- **Problem details**
The answer consists of the lines from the line holding "3-kamerappartement (87 m²)" through the last line of the entries, retyped exactly, and nothing else. No pictures belong in it.

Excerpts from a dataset
# # # # #
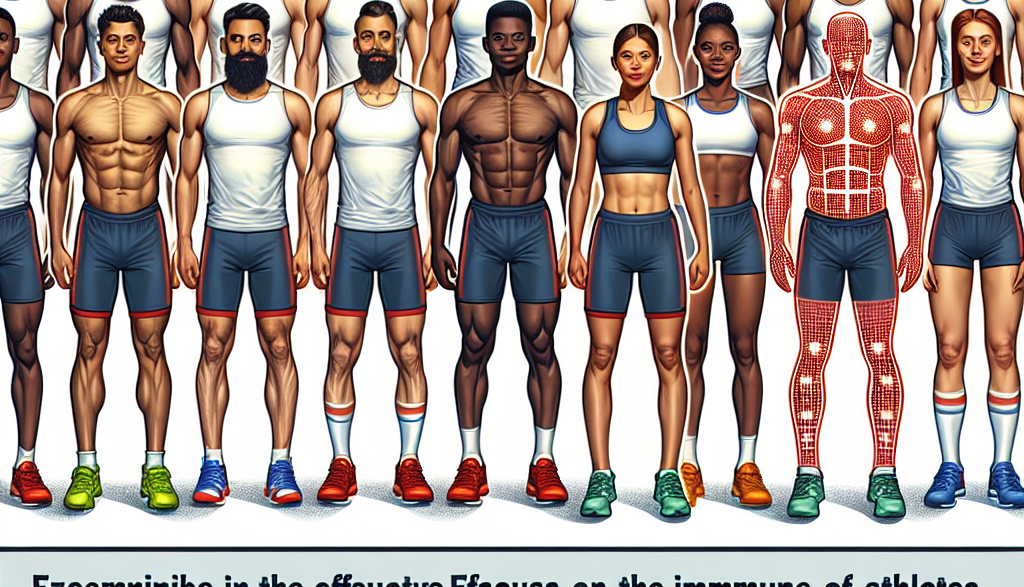 L'effet de l'ézétimibe sur le statut immunitaire des sportifs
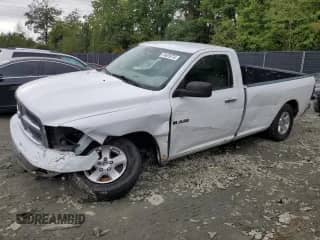2010 Dodge 1500 ST with VIN 3D7JB1EP5AG103041, listed as a Copart auction lot 74579774 with 182,117 mi miles and Salvage title. Bid and sale history available at DreamBid. Image 1.
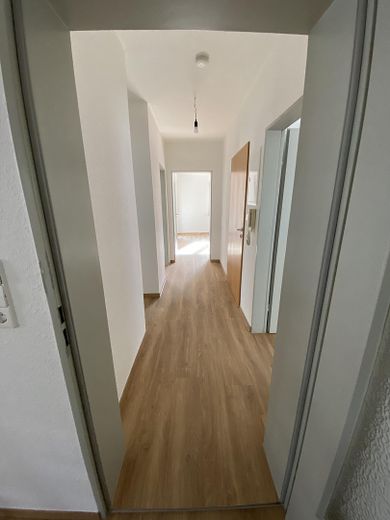 3-kamerappartement (87 m²) met terras, tuin en garage – Hohberg-Niederschopfheim – Flur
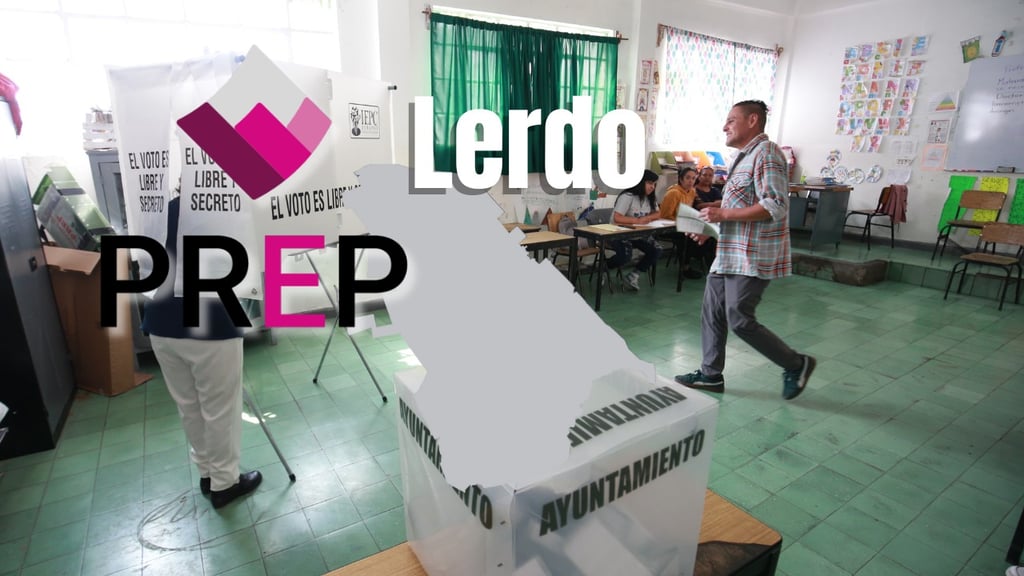 Elecciones Durango 2025: ¿Cómo va el PREP en Lerdo, al cierre de las 21:00 horas?
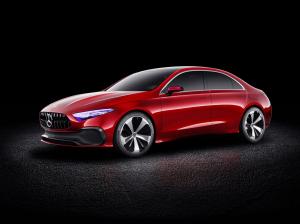 2017 Mercedes-Benz Concept A Sedan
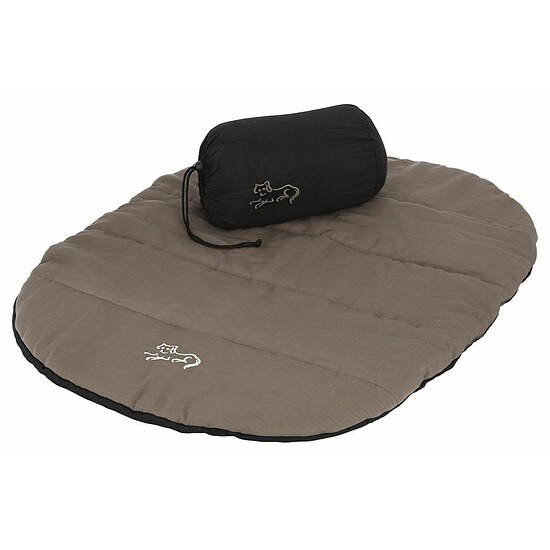 Bild 2 - Traveller Reisekissen mit Tasche, taupe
# # # # #
- **Task result**
 3-kamerappartement (87 m²) met terras, tuin en garage – Hohberg-Niederschopfheim – Flur
 Elecciones Durango 2025: ¿Cómo va el PREP en Lerdo, al cierre de las 21:00 horas?
 2017 Mercedes-Benz Concept A Sedan
 Bild 2 - Traveller Reisekissen mit Tasche, taupe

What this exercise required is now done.